SDE Matching: Scalable and Simulation-Free Training of Latent Stochastic Differential Equations

TL;DR

This paper introduces SDE Matching, a novel simulation-free training method for Latent SDEs that reduces computational costs while maintaining performance, inspired by Score- and Flow Matching algorithms.

Contribution

The paper presents a new training approach for Latent SDEs that eliminates the need for simulation, enabling scalable and efficient learning for time series modeling.

Findings

Achieves comparable performance to traditional methods

Significantly reduces computational complexity

Eliminates reliance on numerical simulations

Abstract

The Latent Stochastic Differential Equation (SDE) is a powerful tool for time series and sequence modeling. However, training Latent SDEs typically relies on adjoint sensitivity methods, which depend on simulation and backpropagation through approximate SDE solutions, which limit scalability. In this work, we propose SDE Matching, a new simulation-free method for training Latent SDEs.
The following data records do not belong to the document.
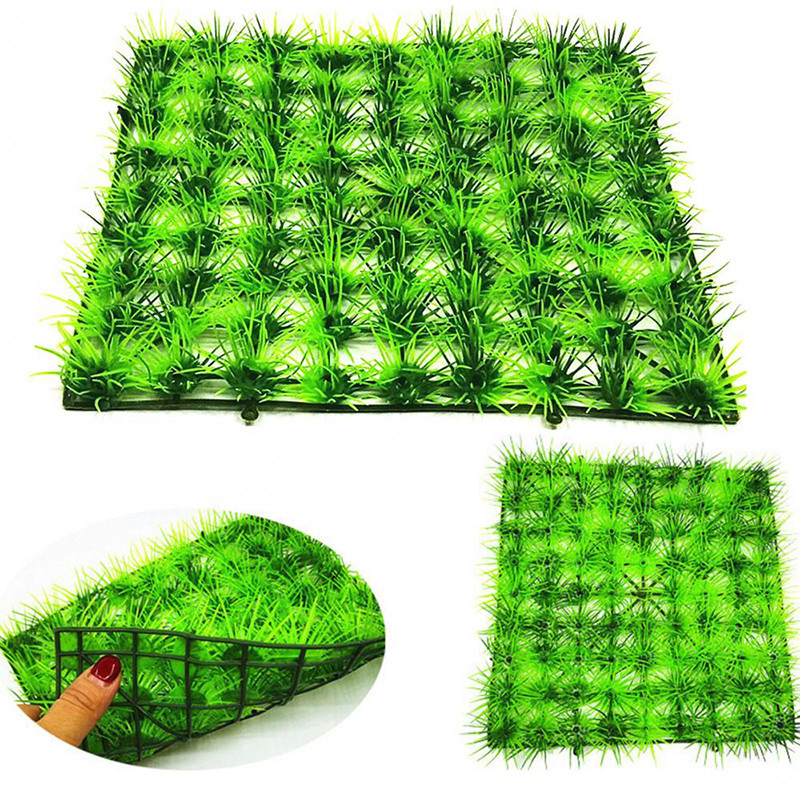 Iarbă verde artificială broasca țestoasă pentru rezervor de pește, simulare, acvariu, peluză, peisaj, decorare, plante de apă din plastic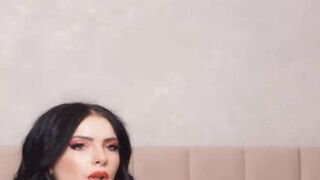 White Hot Chick Plays With Her Shaved Pussy
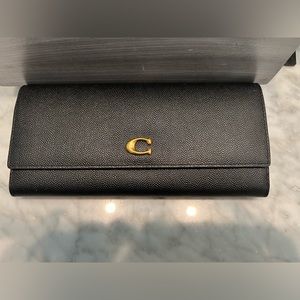 Coach Grained Leather Envelope Wallet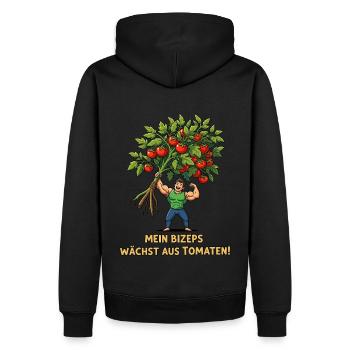 Jardinier sportif - Sweat à capuche Premium bio Homme - noir - Dos - Nico (187cm)
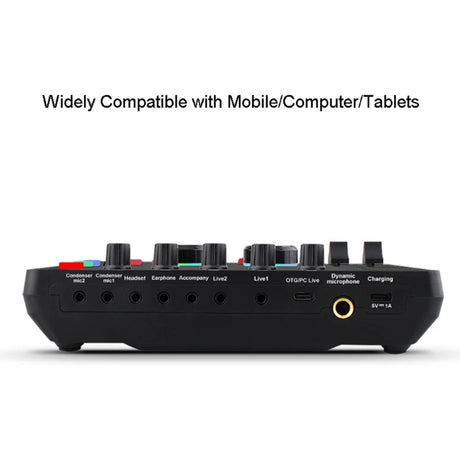 F999  Mixer Podcast Sound Board Live Sound Card for Live Recording Home KTV - V.I.P Digital Presence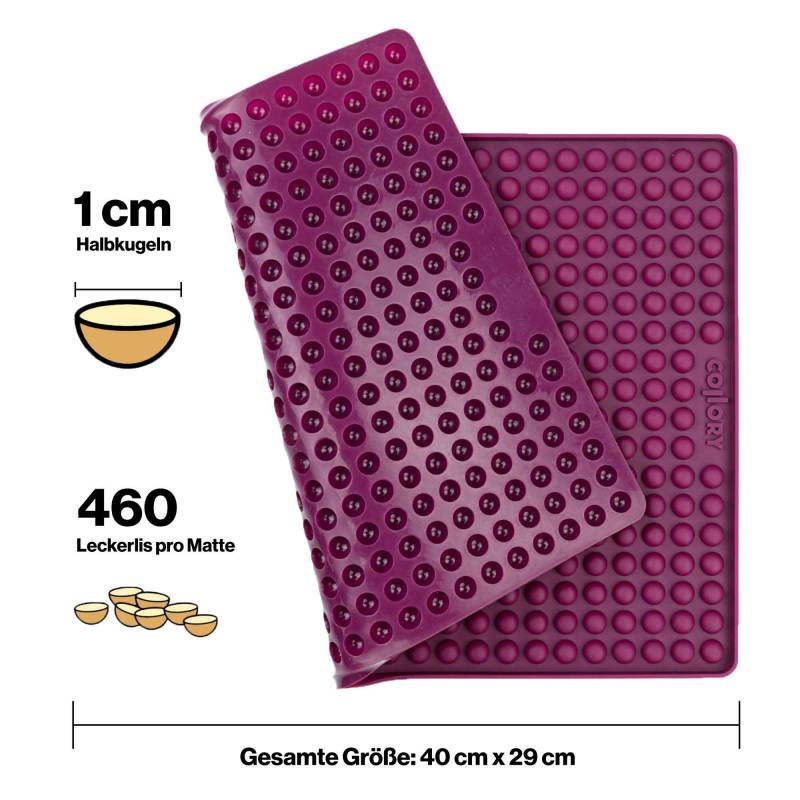 Collory Backmatte - Halbkugel - Burgundy/1cm von Pets Deli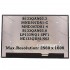 Display Laptop, Lenovo, X13 Gen 2 Type 20WK, 20WL, 20XH, 20XJ, 5D11A22507, 5D11A22509, 5D11A22514, 13.3 inch, QHD, WQXGA, 2560x1600, IPS, 60Hz, non touch, 40 pini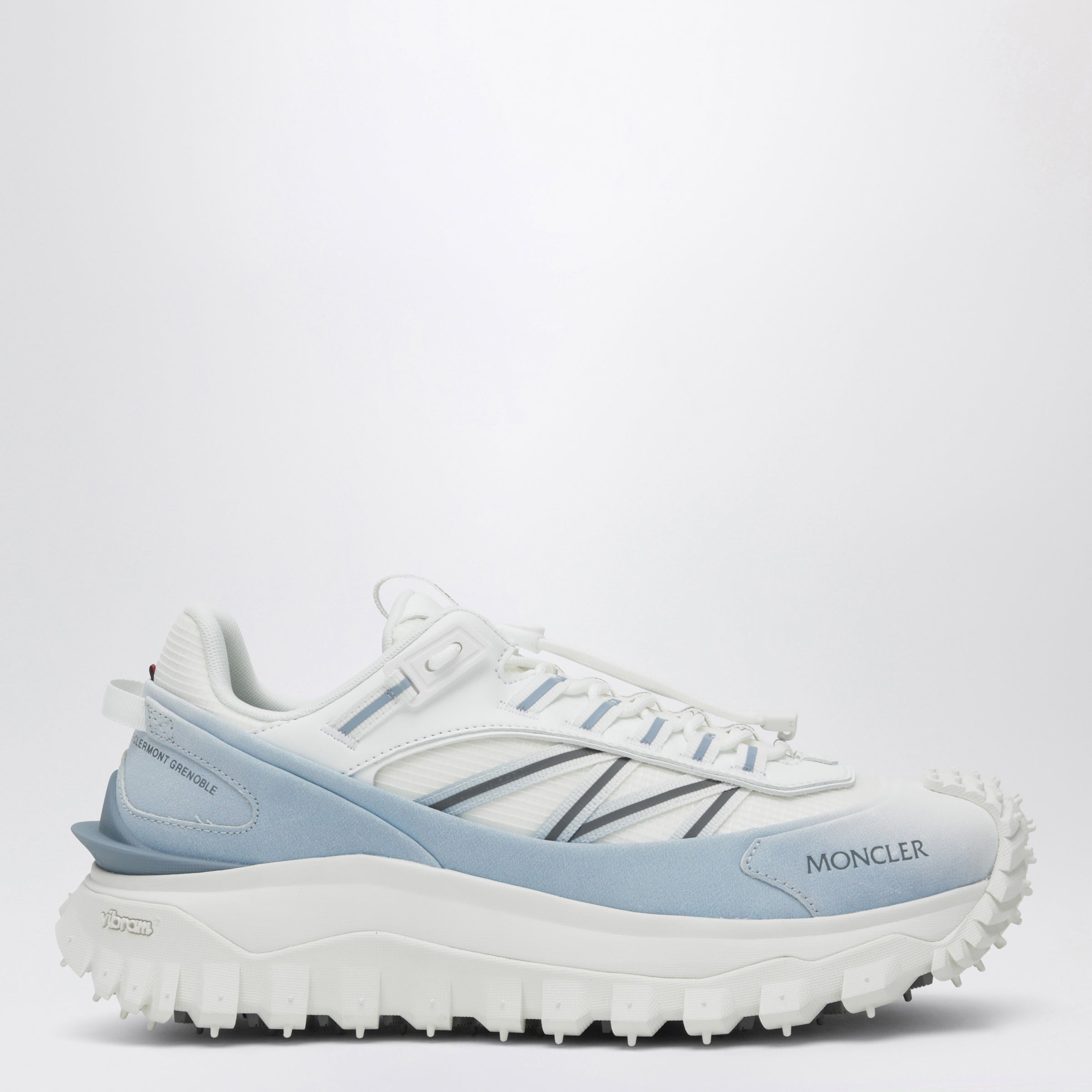Moncler Trailgrip Sneakers white/light blue with Vibram® Megagrip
Inspired by modern Score- and Flow Matching algorithms for learning generative dynamics, we extend these ideas to the domain of stochastic dynamics for time series and sequence modeling, eliminating the need for costly numerical simulations. Our results demonstrate that SDE Matching achieves performance comparable to adjoint sensitivity methods while drastically reducing computational complexity.